In modern Indian cuisine, the potato holds a significant and multifaceted role, contributing in various ways to the diversity and richness of many dishes. Its versatility, affordability and adaptability have made it a staple ingredient across India, prepared in a number of fascinating ways from region to region.
Introduced to India during the colonial period, primarily by the Portuguese in the early 17th century – potatoes were brought to India from South America, where they were originally cultivated by indigenous communities. The Portuguese first introduced them in Goa, which was then a Portuguese colony from where it gradually spread to other parts of India through trade and the influence of European colonization. Although the root vegetable wasn’t immediately embraced across the entire subcontinent, it gained popularity over time due to their adaptability to various climates and their nutritional value.
Over the centuries, potatoes gradually made their way into various regional cuisines across India since they adapted well to different climates and were versatile in their use, which contributed to their popularity. A staple ingredient in numerous dishes like aloo mutter, dum aloo, aloo parathas and samosas, potatoes had firmly integrated into Indian cuisine by the 19th and 20th centuries. The versatility, affordability and easy adaptability made potatoes one of the most sought-after staple vegetables since then.

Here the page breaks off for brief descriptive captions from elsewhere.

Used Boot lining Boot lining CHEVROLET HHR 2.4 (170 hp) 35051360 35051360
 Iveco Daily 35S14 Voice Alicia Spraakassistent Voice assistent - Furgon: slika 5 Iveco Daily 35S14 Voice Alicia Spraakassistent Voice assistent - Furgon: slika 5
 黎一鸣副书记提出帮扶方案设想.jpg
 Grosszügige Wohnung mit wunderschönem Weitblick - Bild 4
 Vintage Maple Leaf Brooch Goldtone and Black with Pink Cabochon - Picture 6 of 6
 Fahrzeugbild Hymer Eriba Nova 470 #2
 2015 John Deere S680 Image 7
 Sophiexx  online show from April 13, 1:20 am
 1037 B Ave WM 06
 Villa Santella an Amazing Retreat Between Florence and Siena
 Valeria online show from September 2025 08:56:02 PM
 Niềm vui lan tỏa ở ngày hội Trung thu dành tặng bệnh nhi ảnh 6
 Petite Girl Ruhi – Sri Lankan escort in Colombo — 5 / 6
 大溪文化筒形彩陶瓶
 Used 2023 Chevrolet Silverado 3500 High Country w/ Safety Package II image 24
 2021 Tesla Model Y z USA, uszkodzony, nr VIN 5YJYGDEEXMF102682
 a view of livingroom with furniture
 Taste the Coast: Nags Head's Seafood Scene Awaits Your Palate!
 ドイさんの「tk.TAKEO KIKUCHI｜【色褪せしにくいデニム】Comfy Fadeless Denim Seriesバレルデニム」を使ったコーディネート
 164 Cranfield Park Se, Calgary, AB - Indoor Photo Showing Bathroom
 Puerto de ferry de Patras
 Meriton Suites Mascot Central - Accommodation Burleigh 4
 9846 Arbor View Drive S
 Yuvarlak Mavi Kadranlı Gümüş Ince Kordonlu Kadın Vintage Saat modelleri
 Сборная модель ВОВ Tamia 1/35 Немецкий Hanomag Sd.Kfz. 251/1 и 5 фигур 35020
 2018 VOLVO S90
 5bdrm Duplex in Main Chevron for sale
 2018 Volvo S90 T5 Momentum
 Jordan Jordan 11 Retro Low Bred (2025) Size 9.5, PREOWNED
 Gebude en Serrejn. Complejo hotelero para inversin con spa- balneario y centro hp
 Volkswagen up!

Speaking to Slurrp about why potatoes are prepared in a certain manner to stuff into dosas, home chef and former teacher Vatsala Suresh says, “The word masala refers to a mixture of spices, in this case, specifically refers to the flavourful potato filling within the dosa.” She adds that to the best of her knowledge the origins of masala dosa trace back to Udupi in the southern Indian state of Karnataka – where it is believed to have its roots. Known for its vegetarian dishes, the addition of the potato masala filling to the dosa is said to have originated in the Udupi restaurants, where it was introduced as a way of adding more substance and flavour to the dish.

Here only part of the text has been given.